Would that be: 私は友達が日本語を勉強することを手伝う。...?


----------



## Yoshiee

Hi



> 私は友達が日本語を勉強することを手伝う。...?


 
This is almost OK to me but if you put some additional small items like below, it could be better:

私は友達が日本語を勉強　すること/するの　を手伝"っています"。 (adding a meaning for progressive form)

I hope this will help you.


----------



## q_006

Yoshiee,

Thank you very much. 

Another question is that the natural way of saying that? Is there a different or more colloquial way of saying that sentence in Japanese. I've heard that too many words in Japanese is a little bit of a "no-no".


----------



## Yoshiee

Well,

Possibly, "僕は、友達の日本語の勉強をてつだってるよ！" could be the one.

What is the "no-no"? Could you explain more about this?


----------



## q_006

"no-no" means: "something not good" or "something you should not do".
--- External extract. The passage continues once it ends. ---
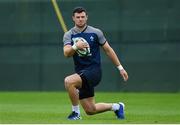 3 September 2019; Robbie Henshaw during Ireland Rugby squad training at Carton House in Maynooth, Co. Kildare. Photo by Brendan Moran/Sportsfile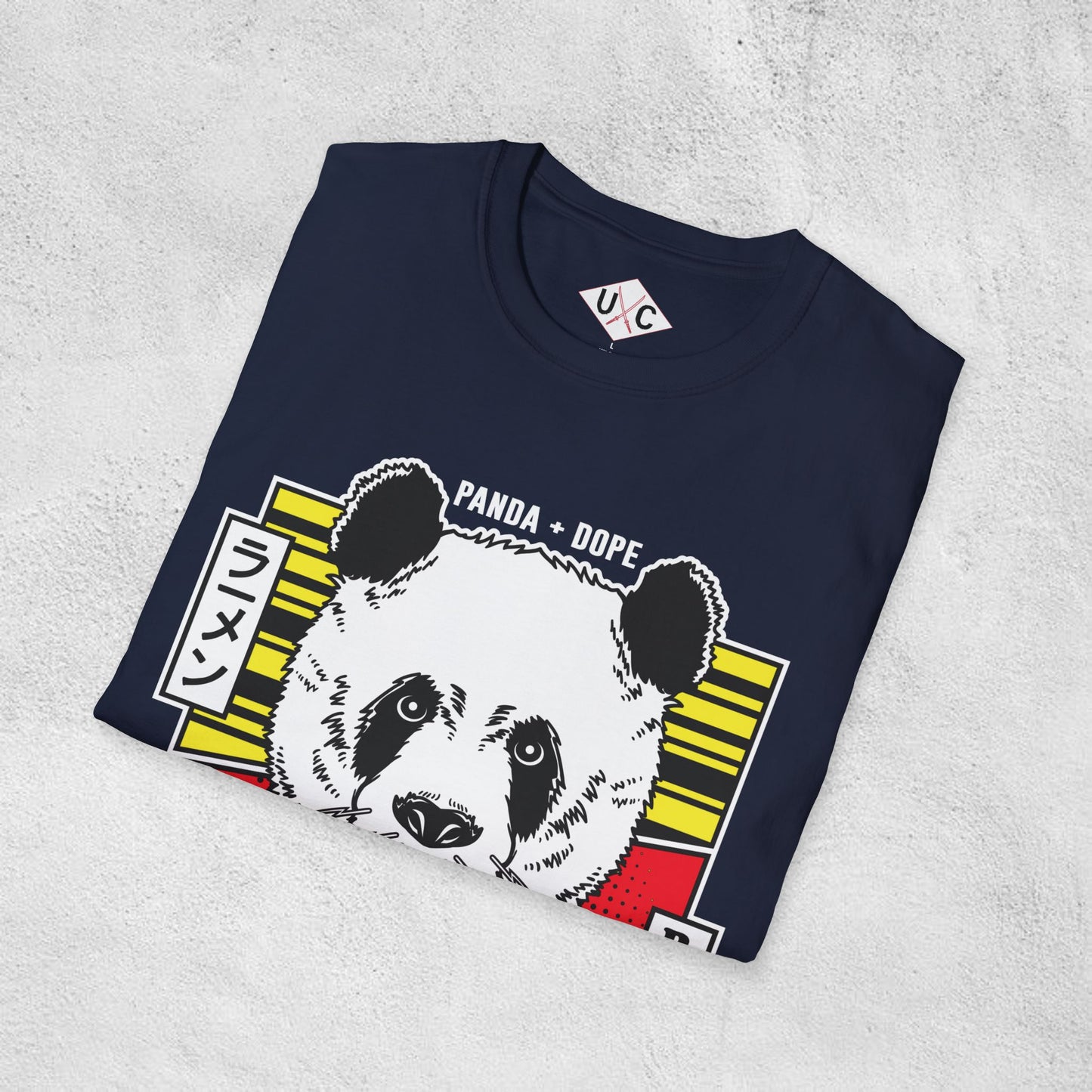 PanDope Ramen Graphic T-Shirt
So having too many words in a Japanese sentence is a "no-no". A sentence in Japanese should be as short as possible. 

That's what I have heard.


----------



## Yoshiee

Hi

That should be "だめ、だめ (dame, dame)" in short. Is this what you've heard?


----------



## q_006

I sent you a Private Message to explain better. I think my last post may have been confusing.

Demo, doumo arigatou gozaimasu.


----------



## Strutter

*I'm helping my friend study Japanese right now.*
友達の日本語の勉強を手伝っている最中です。
勉強を手伝ってる。

*I'm helping my friend study Japanese tomorrow.*
明日は、友達の日本語の勉強を手伝おうと思っています。
明日は、勉強を手伝う。

The latter ones are very very simple ways, which are , frankly speaking, mostly not good in Japanese test or something but fine enough in conversation.


----------



## brad12

I am learning  japanese language. You can share also you experience or ant thoughts here. Actually I have a problem .......I don't understand from where to start ......

learning japanese language free online


----------



## Yoshiee

Hello, Brad

I think you can start from lesson 1 of the basic japanese. 

And I think the below free on-line of NHK might help you as well to learn Japanese a little more sisitematically, the NHK which is one of Japanese broadcasting stations, like BBC1 or BBC2 in England:

http://www.nhk.or.jp/lesson/english/

I hope this will help you.


----------